Vor dem Berliner Landgericht ist gestern der Alteigentümer eines Grundstücks auf dem früheren Todesstreifen an der Berliner Mauer mit seiner Klage gegen die Bundesrepublik Deutschland gescheitert. Er wollte seinen ehemaligen Grund und Boden kostenlos zurückerhalten. Das Gericht wies die Klage jedoch aus formalrechtlichen Gründen ab.

Der Kläger, Wolfgang Pütz aus Schleswig-Holstein, wollte, unterstützt durch die Interessengemeinschaft der Grundstücksbesitzer auf den Mauerstreifen e. V., in einem Musterprozess die Unrechtmäßigkeit eines Kaufvertrags zwischen ihm und der Oberfinanzdirektion (OFD) feststellen lassen. Auf der Grundlage des Mauer-Verkaufsgesetzes aus dem Jahre 1996 hatte Pütz vor ein paar Jahren von dem Recht Gebrauch gemacht, seinen früheren Besitz zu 25 Prozent des heutigen Verkehrswertes zu kaufen – nach dem Mauerfall waren alle Grundstücke auf dem Mauerstreifen in den Besitz des Bundes übergegangen.

Obwohl also wieder Eigentümer seines früheren Besitzes, betrachtet der Kläger mit seinem Anwalt das ganze Rechtsgeschäft als unrechtmäßig: Die Bundesregierung habe einen Rechtsbruch begangen, als sie die früheren Mauergrundstücke übernahm und dann an die Alteigentümer zu verkaufen versuchte.

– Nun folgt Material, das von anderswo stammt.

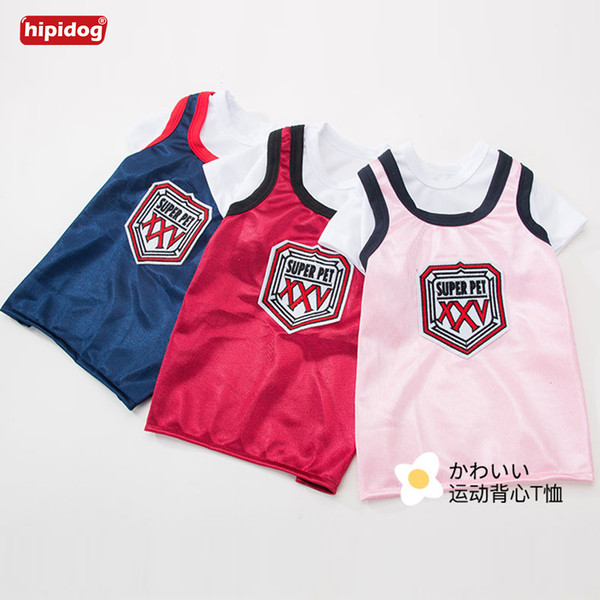 Hipidog Pet Cat Dog Elastic Stitching Sports Vest Spring Summer Fashion T-Shirt Breathable Apparel Clothes for Small Dog Teddy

Pütz wollte demnach die 25 Prozent des Verkaufswerts zurück – und trotzdem den Grund behalten.

Der Vorsitzende Richter folgte dieser Argumentation nicht – das wurde schon deutlich, als er gestern um 10.30 Uhr allein den Gerichtssaal 104 betrat. Wäre die Kammer nämlich durch drei Richter vertreten gewesen, hätte dies signalisiert, dass sich das Gericht mit der grundsätzlichen Frage der Rechtmäßigkeit des Mauer-Verkaufsgesetzes beschäftigen wird. Der Richter aber beurteilte das Rechtsgeschäft zwischen Pütz und der OFD rein formaljuristisch – und wies deshalb seine Klage ab: Der Kläger hätte das Grundstück nicht zu 25 Prozent des Verkaufswertes kaufen dürfen, sondern sofort Widerspruch gegen den Bescheid der OFD einlegen müssen. So aber habe er das Geschäft akzeptiert und den Rückkaufvertrag nicht fristgerecht angefochten.

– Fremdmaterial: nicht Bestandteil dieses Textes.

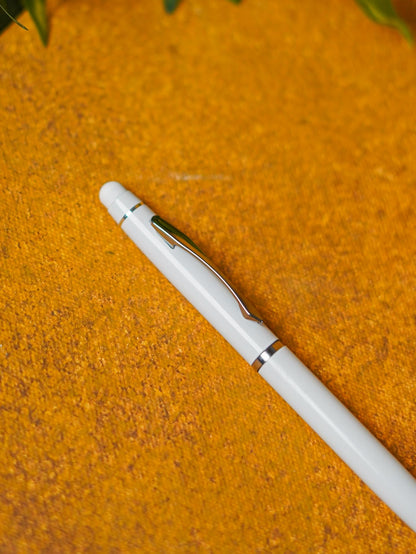 Touch Screen Tip Roller Pen (Pearl White Finish) - BCG0160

Die Klägerseite hatte schon vor dem Prozess die eigenen Erfolgsaussichten vor Gericht als gering erachtet. Wie vorgesehen, will sie jetzt gegen das Urteil Berufung einlegen – und notfalls bis zum Europäischen Menschenrechtsgerichtshof in Straßburg klagen. Der nämlich habe in ähnlichen Fällen aus Rumänien und Tschechien zugunsten der früheren Grundbesitzer entschieden.

Der Anwalt von Pütz, Thorsten Purps, schätzt, dass sich der Wert der umstrittenen Grundstücke allein in Berlin in dreistelliger Millionenhöhe bewegt. Es geht um viel Geld.